Enhanced on-chip terahertz vibrational absorption spectroscopy using evanescent fields in silicon waveguide structures

Hadi Amarloo; Safieddin Safavi-Naeini

doi:10.1364/OE.424414

1. Introduction

Terahertz (THz) absorption spectroscopy is a powerful analytical chemistry tool which can detect the intermolecular vibrations in chemical and organic molecules (THz band is the frequency range commonly understood as 0.3 to 3 THz). The study of these intermolecular vibrations has shed light on the dynamics of large biomolecules [1–3]. Free-space absorption spectroscopy, the conventional approach employed for THz spectroscopy, has been used to characterize a wide range of materials [4–8]. This setup faces a few challenges. Due to the diffraction limit and the long wavelength of THz waves compared to infrared signals, a large amount of sample material is required. In addition, the interaction length between the THz waves and the sample under test is limited by the available amount of the sample material. Finally, the low signal-to-noise ratio in the free-space setup, primarily attributable to the low power of THz sources and water vapor absorption at these frequencies, means weak absorption signatures cannot be captured (It worth mentioning that the signal-to-noise ratio can be improved in an optimized free-space setup, and the water vapor absorption can be decreased through enclosing some parts of the setup and purging the medium using a dry gas). Several recent works have reported improved free-space setup sensitivity, achieved by exploiting the localized electric field in metasurface structures [9–12].
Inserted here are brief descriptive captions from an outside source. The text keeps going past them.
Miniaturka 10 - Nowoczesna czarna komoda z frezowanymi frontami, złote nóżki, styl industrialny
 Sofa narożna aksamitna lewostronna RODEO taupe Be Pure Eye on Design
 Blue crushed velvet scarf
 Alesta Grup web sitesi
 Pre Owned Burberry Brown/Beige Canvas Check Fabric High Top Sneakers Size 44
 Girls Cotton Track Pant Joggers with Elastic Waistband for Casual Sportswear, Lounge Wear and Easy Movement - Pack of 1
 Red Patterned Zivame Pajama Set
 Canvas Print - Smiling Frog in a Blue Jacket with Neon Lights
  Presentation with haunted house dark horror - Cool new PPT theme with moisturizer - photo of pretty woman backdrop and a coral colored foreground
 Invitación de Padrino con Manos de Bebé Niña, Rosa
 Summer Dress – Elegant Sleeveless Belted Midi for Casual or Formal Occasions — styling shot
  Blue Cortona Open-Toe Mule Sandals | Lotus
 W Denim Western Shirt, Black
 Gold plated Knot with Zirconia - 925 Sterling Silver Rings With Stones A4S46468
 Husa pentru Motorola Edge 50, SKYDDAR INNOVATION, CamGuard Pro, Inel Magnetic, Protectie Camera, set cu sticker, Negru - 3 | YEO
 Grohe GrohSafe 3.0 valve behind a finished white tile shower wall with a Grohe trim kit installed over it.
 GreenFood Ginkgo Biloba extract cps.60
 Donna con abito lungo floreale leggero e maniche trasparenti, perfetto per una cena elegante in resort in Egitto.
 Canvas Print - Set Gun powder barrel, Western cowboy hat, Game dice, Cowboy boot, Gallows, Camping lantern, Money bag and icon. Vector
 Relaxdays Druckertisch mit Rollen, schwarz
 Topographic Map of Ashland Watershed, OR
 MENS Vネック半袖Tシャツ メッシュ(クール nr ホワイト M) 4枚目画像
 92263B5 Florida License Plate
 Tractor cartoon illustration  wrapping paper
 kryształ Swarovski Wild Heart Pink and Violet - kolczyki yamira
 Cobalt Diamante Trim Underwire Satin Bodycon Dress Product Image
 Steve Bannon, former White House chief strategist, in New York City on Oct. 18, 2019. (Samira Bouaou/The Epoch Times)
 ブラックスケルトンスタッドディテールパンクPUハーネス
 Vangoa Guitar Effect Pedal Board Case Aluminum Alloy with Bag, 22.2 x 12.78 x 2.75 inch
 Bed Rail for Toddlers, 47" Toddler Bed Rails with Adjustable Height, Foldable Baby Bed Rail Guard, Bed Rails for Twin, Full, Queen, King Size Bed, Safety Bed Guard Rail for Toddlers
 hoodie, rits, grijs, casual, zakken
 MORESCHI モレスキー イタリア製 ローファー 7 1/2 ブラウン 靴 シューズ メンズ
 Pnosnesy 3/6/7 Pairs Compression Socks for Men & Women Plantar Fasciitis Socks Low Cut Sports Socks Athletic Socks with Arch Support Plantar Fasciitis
THz waveguides have been explored extensively for sensing and spectroscopy applications [13–19]. Waveguide-based THz spectroscopy, in which the THz signal passes through a waveguide while interacting with the sample, has many advantages over the free-space setup. Firstly, a smaller amount of sample is required. In a waveguide-based configuration, the waveguide modal field distribution (with sub-wavelength features) interacts with the sample; therefore, a sub-wavelength sample could interact with the entire mode power. Secondly, since the wave is propagating inside the waveguide, a better signal-to-noise ratio can be achieved. In the THz frequency range, several metallic waveguides have been used for waveguide-based absorption spectroscopy: single metal wire waveguides [13], microstrip line and coplanar waveguides [14,20–22], and parallel plate metallic waveguides [15,23]. Although these metallic waveguides reduce the amount of sample material required, their performance degrades rapidly as the frequency of operation increases. This is mainly due to the inherent losses of the metallic waveguides at THz frequencies.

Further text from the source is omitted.